-------- Given data

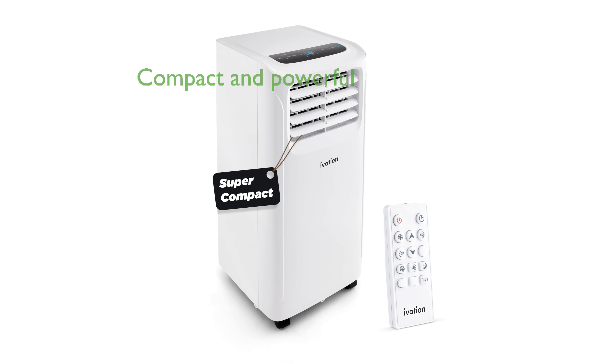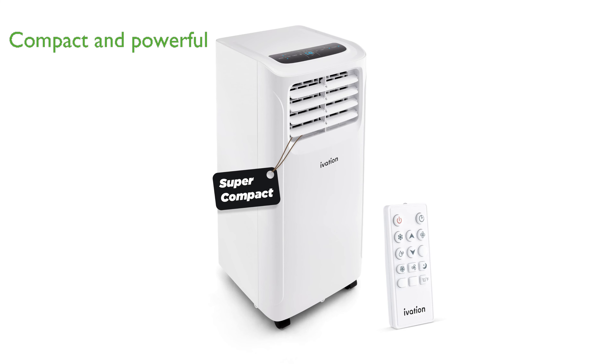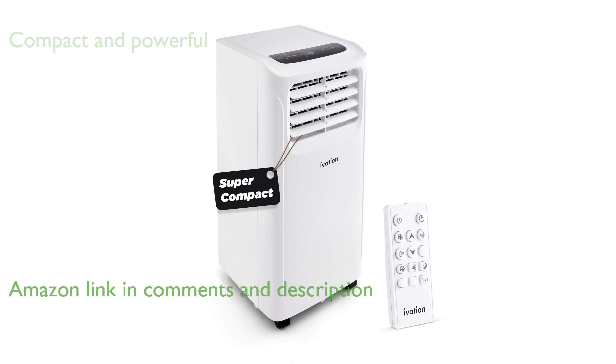The Ivation 9000 BTU Portable Air Conditioner is an incredibly compact unit that delivers powerful cooling for spaces up to 400 square feet.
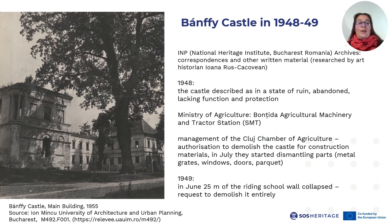However, already in 1948, the Cluj Chamber of Agriculture asked for an authorization to demolish the castle for construction materials, and in July they started dismantling parts such as metal grates, windows, doors and parquet. As a consequence of this neglect and outright destruction, in June of 1949 a 25-meter wall section of the highly damaged riding school collapsed, and the request was made to demolish it entirely.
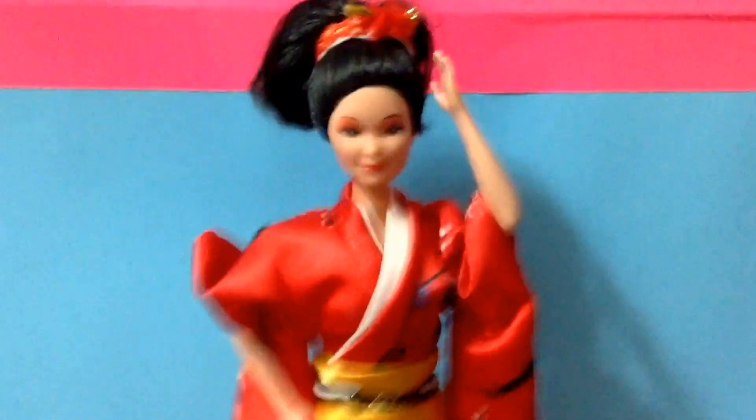Her shoes are these kind of sandal-like shoes, but they go straight up because Barbie, of course, does not have flat feet. My lighting's kind of gross today, but I wish they would have made her with flat feet — but that's okay. She's still super beautiful.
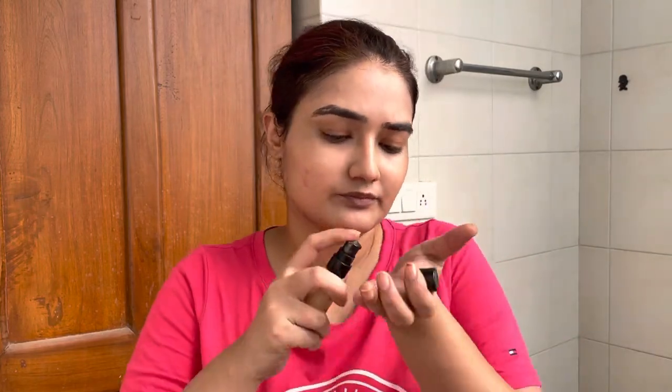Moving on to foundation — I'm using Skin Long Wear Weightless Foundation SPF 15 in the shade 056 Warm Natural. Just a little bit should be enough.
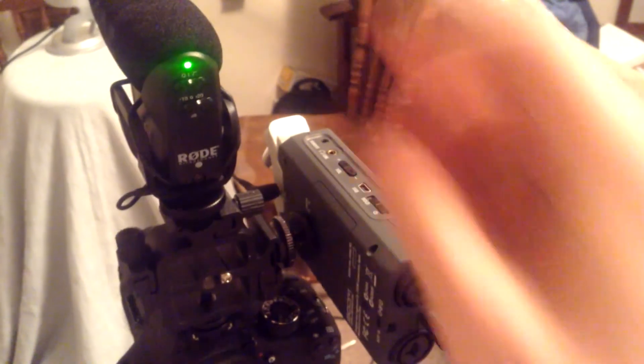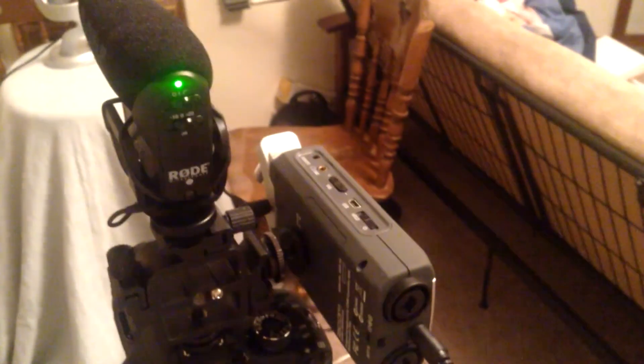Rode Video Mic Pro at plus 20 decibels, high-pass filter on. Rode Video Mic Pro capturing a car starting with ambient noise outside — plus 20 decibels, high-pass filter on.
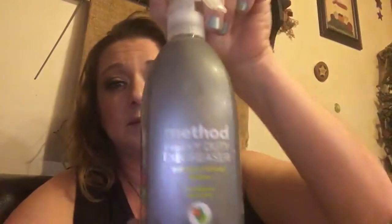Then I have the Method heavy duty degreaser in lemongrass, and it actually smells really good. It cuts through grease and grime just like a regular degreaser would.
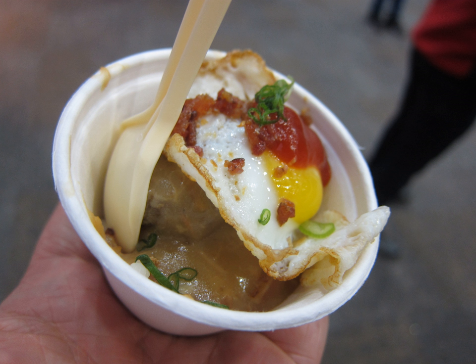Banana ketchup, sometimes referred to as banana sauce, is a sweet ketchup prepared using mashed banana, sugar, vinegar and spices. It is a common condiment in the Philippines, where it is as common as tomato ketchup is in the United States. Banana ketchup is mass-produced by some companies and marketed under various brands, such as Jufran.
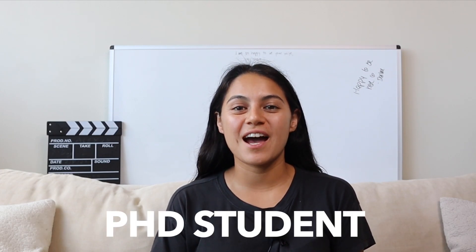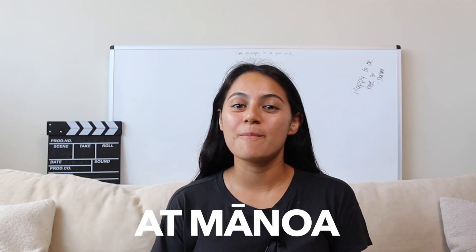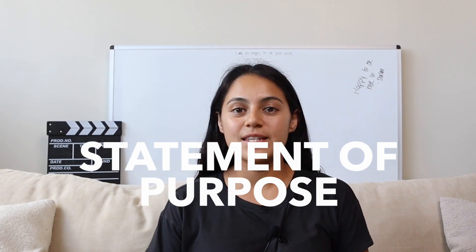Hi everyone, welcome back to the channel. My name is Alexis and I am a fourth year PhD student at the University of Hawaii at Manoa. Today we're diving into a topic that is crucial for anyone thinking about applying to graduate school. Whether you're aiming for a master's or a PhD, it's very important that you're able to write a compelling statement of purpose.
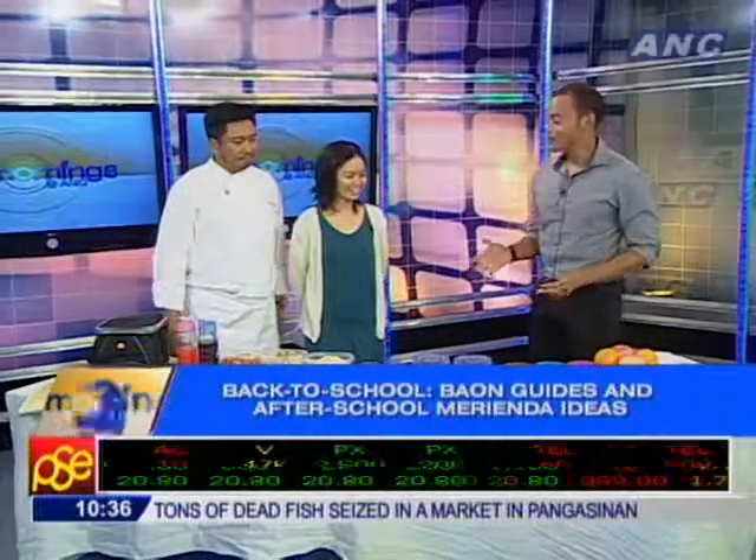Welcome back. For health-conscious parents, their kids' school lunchbox can be a store of possibilities. Today we take you through a few hassle-free meals, and here to help us with some baon guides and after-school snack ideas are Troy Barrios, the managing editor of Food Magazine, and Chef Jamie Natividad.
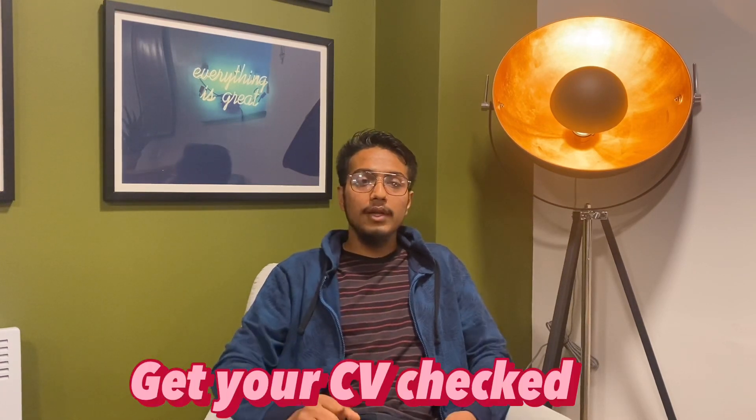Here is a bonus tip for all students coming to the UK. Visit your university — there will be a team dedicated to career guidance and career counseling. Get an appointment with them, work on your CV with them, since you will need a UK-standard CV in order to get a job here. Get your CV checked and finalized so it meets UK format standards, which will boost your chances of landing a part-time job.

----------------

**Required action**: Starting with the line that has "Her shoes are" and ending with the line that has "Hi everyone, welcome", repeat the lines above exactly, omitting every picture.

**The answer**:
Her shoes are these kind of sandal-like shoes, but they go straight up because Barbie, of course, does not have flat feet. My lighting's kind of gross today, but I wish they would have made her with flat feet — but that's okay. She's still super beautiful.
Moving on to foundation — I'm using Skin Long Wear Weightless Foundation SPF 15 in the shade 056 Warm Natural. Just a little bit should be enough.
Rode Video Mic Pro at plus 20 decibels, high-pass filter on. Rode Video Mic Pro capturing a car starting with ambient noise outside — plus 20 decibels, high-pass filter on.
Then I have the Method heavy duty degreaser in lemongrass, and it actually smells really good. It cuts through grease and grime just like a regular degreaser would.
Banana ketchup, sometimes referred to as banana sauce, is a sweet ketchup prepared using mashed banana, sugar, vinegar and spices. It is a common condiment in the Philippines, where it is as common as tomato ketchup is in the United States. Banana ketchup is mass-produced by some companies and marketed under various brands, such as Jufran.
Hi everyone, welcome back to the channel. My name is Alexis and I am a fourth year PhD student at the University of Hawaii at Manoa. Today we're diving into a topic that is crucial for anyone thinking about applying to graduate school. Whether you're aiming for a master's or a PhD, it's very important that you're able to write a compelling statement of purpose.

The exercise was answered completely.